I'm back. Not that I have been away much this summer but I am back to blogging again. I admit I was put off because some people criticized me for complaining about my husband and his lack of bedroom needs. To them I will say, put yourself in my sheets and tell me how you would feel if your spouse never wanted you and you went to sleep night after night wondering why. Well I am now over my mad spell and will get back to doing what I started this blog for in the first place.

This blog meets my needs. It is like when your therapist tells you to write a letter to the person who has hurt you. You never mail the letter but the release you feel is overwhelming. I can pour out my heart in this "letter", my husband never sees it, and I can go about my life in a somewhat normal manner. It enables me. It enables me in lots of ways. Number one it keeps me faithful to my wedding vows - how many of you can say that. How many people who have been neglected by their spouses stay faithful. Not many I would guess.

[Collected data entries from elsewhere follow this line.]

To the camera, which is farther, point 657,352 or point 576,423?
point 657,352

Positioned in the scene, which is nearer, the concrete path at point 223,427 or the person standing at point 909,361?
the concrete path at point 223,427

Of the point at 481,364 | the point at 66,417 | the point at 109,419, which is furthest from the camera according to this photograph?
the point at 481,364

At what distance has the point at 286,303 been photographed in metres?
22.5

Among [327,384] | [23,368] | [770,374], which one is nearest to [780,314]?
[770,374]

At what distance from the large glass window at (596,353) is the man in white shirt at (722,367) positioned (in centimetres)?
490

However, for those of you who have complained, I will let you know that my summer has been fairly pleasant. My husband has been better - not so much physically but supportive and caring. That also could explain my lack of having to blog lately. He seems to like to be with me more and even snuggles up close me. This I can live with. It was the won't that bothered me much more than the can't.

So for now I plan to blog more about good times but I do reserve the right to vent when venting is necessary. I hope that pleases everyone.